Is this why Elisha has to follow and watch so closely?  Is this why Elijah cannot speak with certainty of what will be?  Because they both know that what they know is partial, not the whole.  They know enough to watch, to walk from Gilgal to Bethel, from Bethel to Jericho, from Jericho to and across the Jordan.  They know enough to see that the LORD is about to act; they try to ready themselves to recognize the act.  But they don’t really know.  They can’t.  All they can do is read and walk the signs step by step, place to place, word and word, continuing ’walking and talking’ (2:11).  They know what is coming and still there is the shock of its in-breaking.  

Some deaths come like that.  And every birth.  You know, and you know, and still you are stunned when you see that it is not, after all, a ‘taking.’  It is ascent.  It is one being caught up by glory, into glory.  And the other walking back, and further on.  Still in the story, but having been given a glimpse of its larger frame.  Your voice rises and cracks.

The knowing you’d had — that ‘taking’ is coming, even near — partial, insufficient, the knowing matters.  The work to see and to hear and to talk and to walk — that matters too.  By it you are brought across the river, to the encounter with crackling flame and pounding force.  By it you are enabled to take the next step.  To pick up the mantle and cross the river back and walk on into the portion of work that is yours.  
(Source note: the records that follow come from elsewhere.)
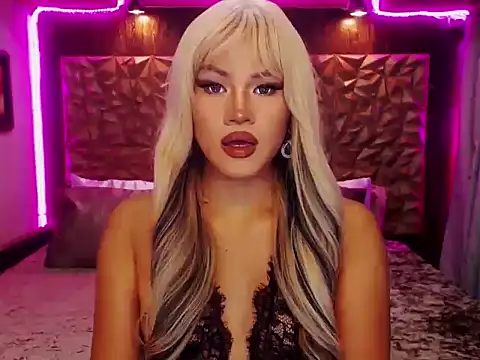 YllanaAltheaXxX online show from November 29, 2025, 2:53 pm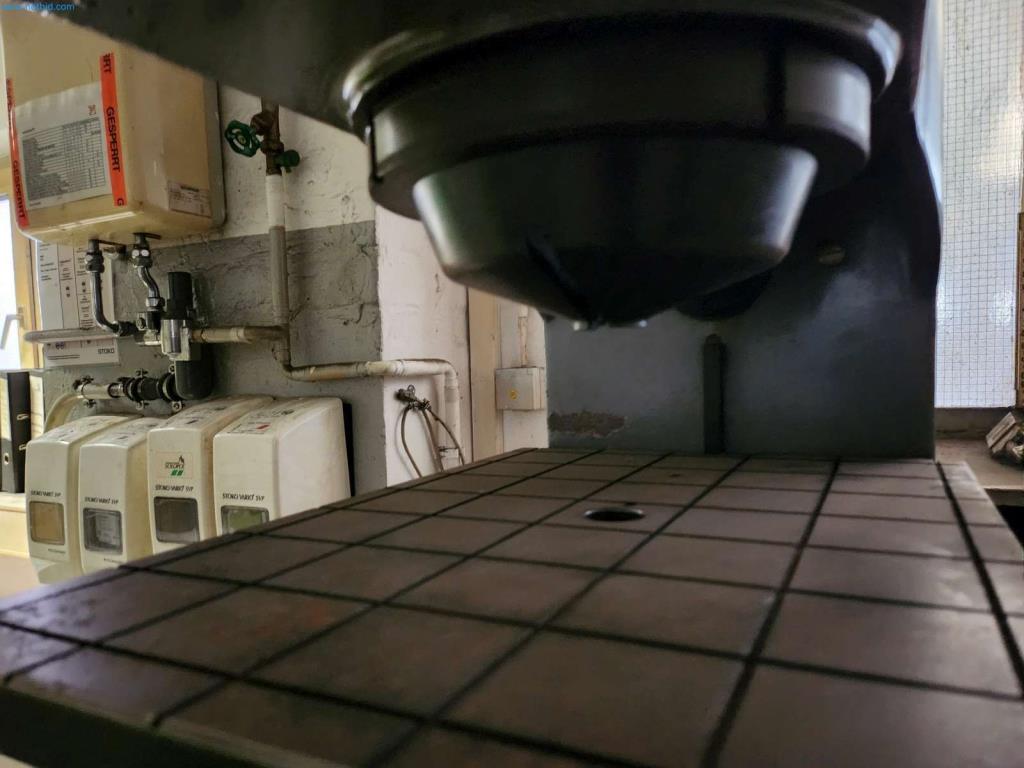 Maschinen aus dem Bereich Umformtechnik-2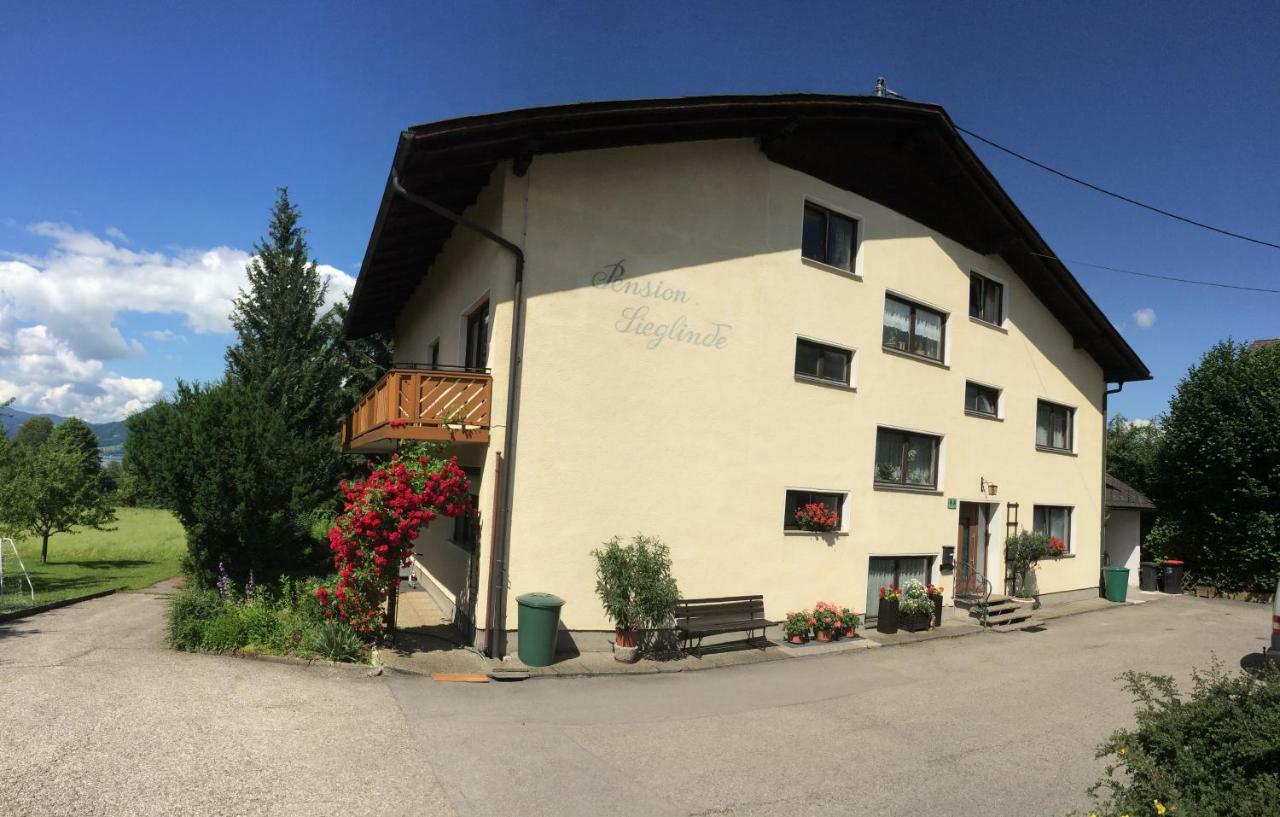 Haus Auer Homestay Weyregg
I am still in my story.  DOJ to seminary.  Seminary to local church.  Local church to doctoral work, and then across.  An odd process, sometimes sideways. And if right here, right now I cannot even see to name the journey’s end, yet through this text, I am reminded of how partial my story is and given a glimpse of its larger frame.  Gilgal to Bethel.  Bethel to Jericho.  Jericho to the Jordan, and then across.  An end that is like but also unlike; expected yet impossible to anticipate; an end that is not an end but merely one more turn.  Until the next. I do not know, nor fully can, the story’s frame.  It will come as surprise; it cannot be else.  But here within the tale, I can watch and listen and talk and walk on to the next thing, the next glimpse of heaven breaking in and catching a little bit of this world up into itself, until the kingdom comes.

Fire crackles and chariot wheels rumble and hoofbeats pound against the air.